■ Goal of the exercise
Check every line of the entries for "Volkswagen", and copy the lines that hold it.

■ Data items

+++

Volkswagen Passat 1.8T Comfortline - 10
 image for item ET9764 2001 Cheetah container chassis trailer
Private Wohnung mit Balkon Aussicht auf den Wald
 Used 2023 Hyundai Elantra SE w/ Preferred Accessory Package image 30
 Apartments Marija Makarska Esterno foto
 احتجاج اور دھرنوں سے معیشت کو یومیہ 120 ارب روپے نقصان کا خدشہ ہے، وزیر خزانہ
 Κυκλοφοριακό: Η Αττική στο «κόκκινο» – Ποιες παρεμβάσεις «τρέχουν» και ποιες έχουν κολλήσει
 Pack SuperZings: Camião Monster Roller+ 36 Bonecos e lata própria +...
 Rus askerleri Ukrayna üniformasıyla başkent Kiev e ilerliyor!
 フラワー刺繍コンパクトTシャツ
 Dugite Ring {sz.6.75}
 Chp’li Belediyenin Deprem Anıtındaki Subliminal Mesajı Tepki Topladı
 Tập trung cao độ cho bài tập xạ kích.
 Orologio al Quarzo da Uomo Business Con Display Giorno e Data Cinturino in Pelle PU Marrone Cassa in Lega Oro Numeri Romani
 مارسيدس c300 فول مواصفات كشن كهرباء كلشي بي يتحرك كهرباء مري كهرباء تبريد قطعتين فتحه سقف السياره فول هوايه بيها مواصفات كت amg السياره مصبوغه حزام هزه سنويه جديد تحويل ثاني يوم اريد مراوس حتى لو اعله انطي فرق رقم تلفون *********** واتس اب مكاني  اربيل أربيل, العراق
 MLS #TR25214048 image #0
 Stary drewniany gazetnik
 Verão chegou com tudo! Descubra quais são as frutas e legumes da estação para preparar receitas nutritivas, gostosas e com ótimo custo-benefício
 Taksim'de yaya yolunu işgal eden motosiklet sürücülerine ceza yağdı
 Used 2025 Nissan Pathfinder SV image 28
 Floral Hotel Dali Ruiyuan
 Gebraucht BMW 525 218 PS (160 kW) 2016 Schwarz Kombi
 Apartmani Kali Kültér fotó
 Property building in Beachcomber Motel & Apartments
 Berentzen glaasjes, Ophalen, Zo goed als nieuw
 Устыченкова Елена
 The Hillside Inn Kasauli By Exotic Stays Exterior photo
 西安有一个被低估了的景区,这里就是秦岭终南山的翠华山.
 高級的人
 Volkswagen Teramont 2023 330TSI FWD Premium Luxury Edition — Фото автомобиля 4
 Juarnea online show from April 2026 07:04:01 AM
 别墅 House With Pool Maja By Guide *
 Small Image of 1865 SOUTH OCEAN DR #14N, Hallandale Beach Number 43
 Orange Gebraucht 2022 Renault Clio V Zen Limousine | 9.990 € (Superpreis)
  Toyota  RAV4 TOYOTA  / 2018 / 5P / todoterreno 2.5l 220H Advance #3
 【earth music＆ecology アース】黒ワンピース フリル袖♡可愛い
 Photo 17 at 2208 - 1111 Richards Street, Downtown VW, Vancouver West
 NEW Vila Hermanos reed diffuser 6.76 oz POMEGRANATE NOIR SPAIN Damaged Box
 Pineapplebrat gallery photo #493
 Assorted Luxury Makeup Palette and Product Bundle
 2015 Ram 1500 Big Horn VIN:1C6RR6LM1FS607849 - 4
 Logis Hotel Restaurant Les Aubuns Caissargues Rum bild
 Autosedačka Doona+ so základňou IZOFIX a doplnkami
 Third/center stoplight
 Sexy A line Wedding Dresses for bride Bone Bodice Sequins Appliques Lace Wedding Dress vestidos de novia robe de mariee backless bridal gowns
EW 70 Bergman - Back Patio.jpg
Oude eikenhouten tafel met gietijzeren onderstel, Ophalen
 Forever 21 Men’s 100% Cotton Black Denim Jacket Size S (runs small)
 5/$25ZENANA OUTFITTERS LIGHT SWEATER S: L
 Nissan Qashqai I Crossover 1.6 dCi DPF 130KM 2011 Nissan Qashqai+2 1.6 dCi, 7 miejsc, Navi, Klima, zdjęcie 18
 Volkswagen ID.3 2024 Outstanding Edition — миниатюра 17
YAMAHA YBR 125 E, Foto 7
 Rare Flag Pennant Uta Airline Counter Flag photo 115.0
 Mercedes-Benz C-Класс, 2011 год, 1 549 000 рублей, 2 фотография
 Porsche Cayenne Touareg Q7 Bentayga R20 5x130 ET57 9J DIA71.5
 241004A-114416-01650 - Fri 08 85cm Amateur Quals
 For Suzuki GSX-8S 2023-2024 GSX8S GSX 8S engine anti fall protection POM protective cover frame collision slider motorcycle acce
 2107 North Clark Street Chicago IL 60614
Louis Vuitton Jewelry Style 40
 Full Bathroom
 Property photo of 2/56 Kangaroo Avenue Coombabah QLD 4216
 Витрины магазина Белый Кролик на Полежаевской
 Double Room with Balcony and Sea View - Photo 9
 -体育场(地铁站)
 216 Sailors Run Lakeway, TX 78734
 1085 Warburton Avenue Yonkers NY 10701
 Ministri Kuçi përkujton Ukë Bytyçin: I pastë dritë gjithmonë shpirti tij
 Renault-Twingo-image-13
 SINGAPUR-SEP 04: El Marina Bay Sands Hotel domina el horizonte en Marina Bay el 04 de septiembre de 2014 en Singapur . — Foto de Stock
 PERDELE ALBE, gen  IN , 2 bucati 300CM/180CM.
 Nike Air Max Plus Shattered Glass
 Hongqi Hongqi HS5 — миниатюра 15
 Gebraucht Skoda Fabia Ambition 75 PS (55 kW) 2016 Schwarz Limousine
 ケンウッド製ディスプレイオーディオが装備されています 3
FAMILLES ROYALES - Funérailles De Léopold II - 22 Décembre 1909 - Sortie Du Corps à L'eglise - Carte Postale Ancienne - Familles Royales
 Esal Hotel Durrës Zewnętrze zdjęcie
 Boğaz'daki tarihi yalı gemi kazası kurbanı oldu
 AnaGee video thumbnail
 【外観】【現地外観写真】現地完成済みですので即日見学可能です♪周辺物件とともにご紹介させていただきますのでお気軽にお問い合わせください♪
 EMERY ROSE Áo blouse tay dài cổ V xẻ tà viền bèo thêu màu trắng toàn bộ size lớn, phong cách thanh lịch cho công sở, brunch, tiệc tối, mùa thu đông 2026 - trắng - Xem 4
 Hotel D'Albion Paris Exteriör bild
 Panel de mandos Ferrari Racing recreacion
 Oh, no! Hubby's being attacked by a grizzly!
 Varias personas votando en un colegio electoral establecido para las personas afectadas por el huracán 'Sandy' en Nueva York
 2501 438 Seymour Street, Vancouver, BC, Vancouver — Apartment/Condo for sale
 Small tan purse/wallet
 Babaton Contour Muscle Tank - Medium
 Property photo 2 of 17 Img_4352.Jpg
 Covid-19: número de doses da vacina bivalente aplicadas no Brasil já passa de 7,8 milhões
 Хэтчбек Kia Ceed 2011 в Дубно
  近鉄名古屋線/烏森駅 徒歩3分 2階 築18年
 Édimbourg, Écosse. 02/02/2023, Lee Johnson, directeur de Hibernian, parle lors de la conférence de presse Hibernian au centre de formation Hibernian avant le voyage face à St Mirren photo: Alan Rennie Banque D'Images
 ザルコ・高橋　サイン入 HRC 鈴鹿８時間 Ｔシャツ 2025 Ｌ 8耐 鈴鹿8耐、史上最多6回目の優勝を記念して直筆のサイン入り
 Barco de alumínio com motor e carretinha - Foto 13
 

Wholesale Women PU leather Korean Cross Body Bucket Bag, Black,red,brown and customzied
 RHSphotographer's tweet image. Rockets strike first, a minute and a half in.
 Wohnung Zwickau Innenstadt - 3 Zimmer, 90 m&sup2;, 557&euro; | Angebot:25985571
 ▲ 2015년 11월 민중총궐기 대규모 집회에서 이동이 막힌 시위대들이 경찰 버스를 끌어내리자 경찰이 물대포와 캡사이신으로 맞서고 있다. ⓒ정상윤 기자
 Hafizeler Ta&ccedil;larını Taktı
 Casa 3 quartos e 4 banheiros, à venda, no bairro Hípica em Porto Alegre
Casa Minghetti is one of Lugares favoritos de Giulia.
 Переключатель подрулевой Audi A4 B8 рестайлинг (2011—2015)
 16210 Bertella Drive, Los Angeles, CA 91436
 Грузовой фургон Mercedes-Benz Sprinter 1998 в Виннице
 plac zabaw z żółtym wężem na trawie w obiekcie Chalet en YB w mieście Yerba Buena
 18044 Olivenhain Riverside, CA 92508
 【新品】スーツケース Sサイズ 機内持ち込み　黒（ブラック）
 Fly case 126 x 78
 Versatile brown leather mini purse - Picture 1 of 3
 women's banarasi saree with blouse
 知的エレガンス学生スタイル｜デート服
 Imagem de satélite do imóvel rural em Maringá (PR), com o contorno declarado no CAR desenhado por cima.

+++

■ Output of the exercise
Volkswagen Passat 1.8T Comfortline - 10
 Volkswagen Teramont 2023 330TSI FWD Premium Luxury Edition — Фото автомобиля 4
 Volkswagen ID.3 2024 Outstanding Edition — миниатюра 17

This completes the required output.